→ Work instruction
Transcribe the lines below exactly, beginning with the line that holds "bowl of crockpot" and ending with the final line, both included. Pictures are to be left out.

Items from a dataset
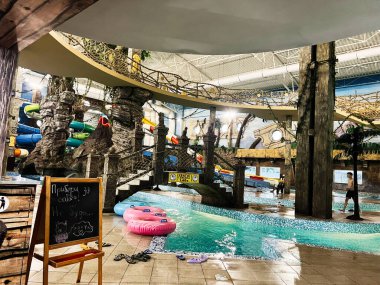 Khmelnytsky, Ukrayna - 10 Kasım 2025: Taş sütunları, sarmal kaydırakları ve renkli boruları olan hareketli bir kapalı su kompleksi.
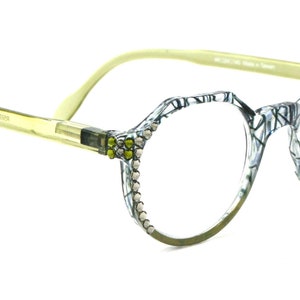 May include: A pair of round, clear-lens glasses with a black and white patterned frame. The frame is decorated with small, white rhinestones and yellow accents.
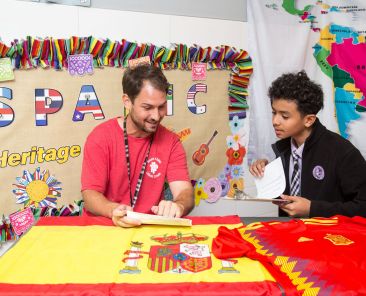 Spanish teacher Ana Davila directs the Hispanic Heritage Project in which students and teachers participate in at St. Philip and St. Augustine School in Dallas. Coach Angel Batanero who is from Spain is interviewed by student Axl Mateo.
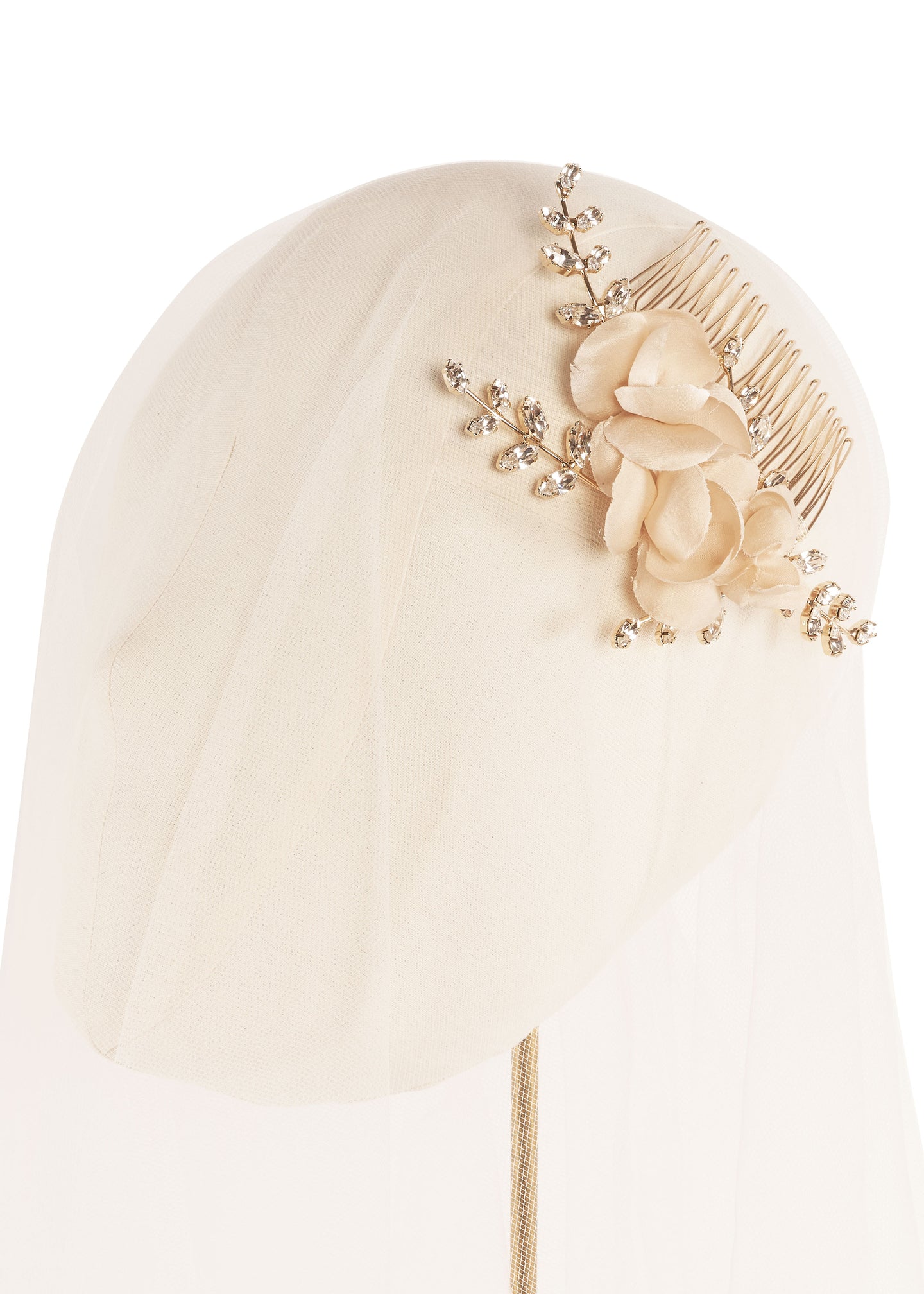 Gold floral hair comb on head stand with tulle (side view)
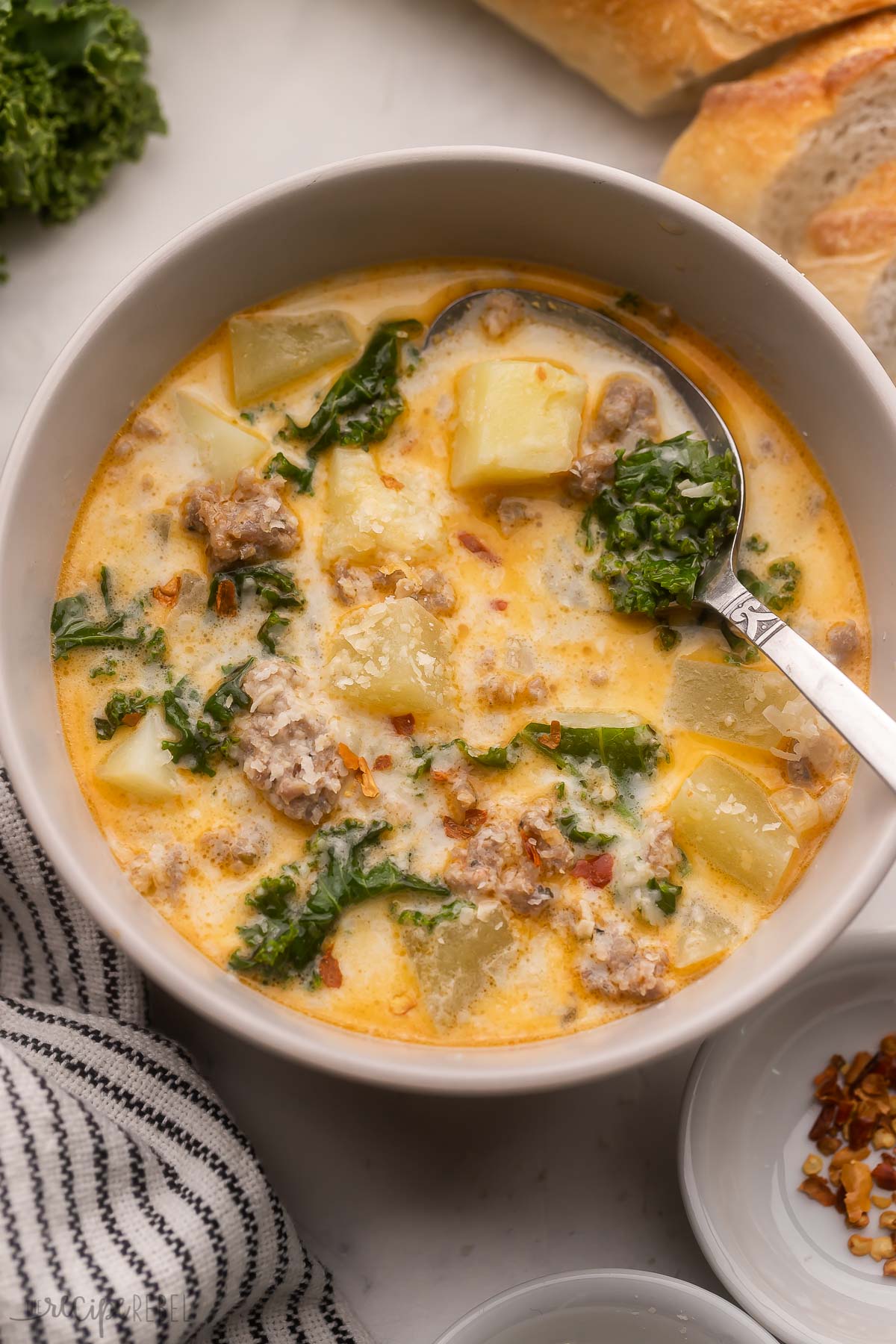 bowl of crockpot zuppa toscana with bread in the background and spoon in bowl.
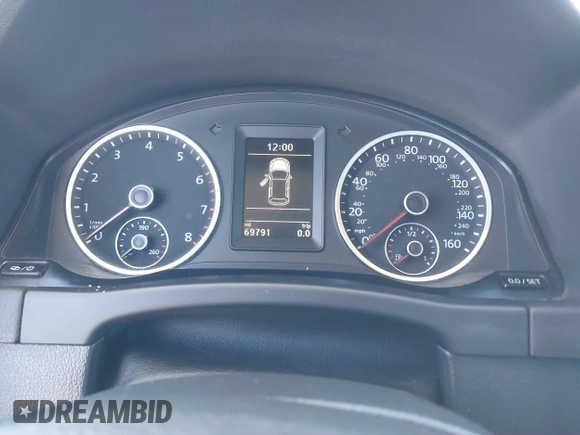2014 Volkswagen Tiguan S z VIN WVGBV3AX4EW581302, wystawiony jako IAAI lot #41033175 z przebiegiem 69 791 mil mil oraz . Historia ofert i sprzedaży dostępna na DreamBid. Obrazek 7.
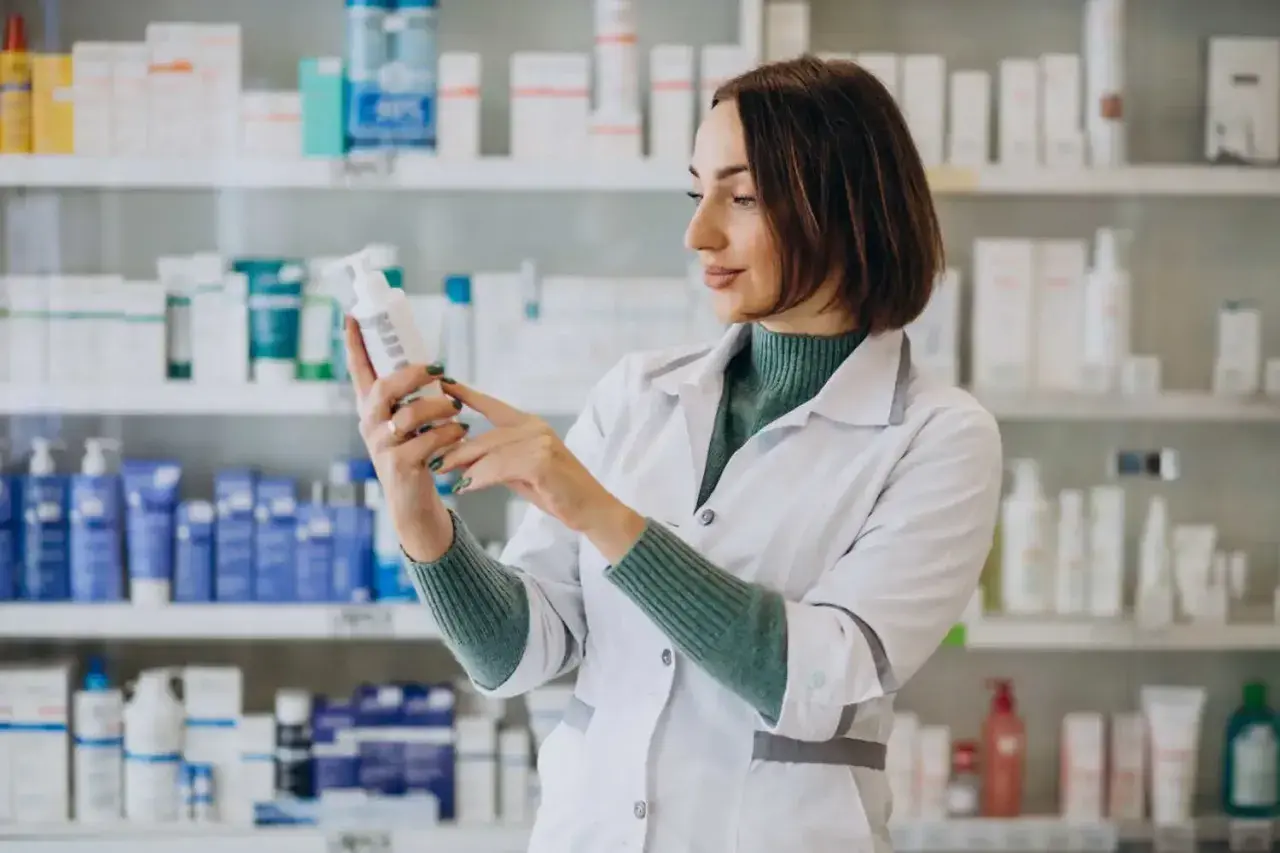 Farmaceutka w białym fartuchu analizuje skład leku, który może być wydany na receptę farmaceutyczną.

→ Reply
 bowl of crockpot zuppa toscana with bread in the background and spoon in bowl.
2014 Volkswagen Tiguan S z VIN WVGBV3AX4EW581302, wystawiony jako IAAI lot #41033175 z przebiegiem 69 791 mil mil oraz . Historia ofert i sprzedaży dostępna na DreamBid. Obrazek 7.
 Farmaceutka w białym fartuchu analizuje skład leku, który może być wydany na receptę farmaceutyczną.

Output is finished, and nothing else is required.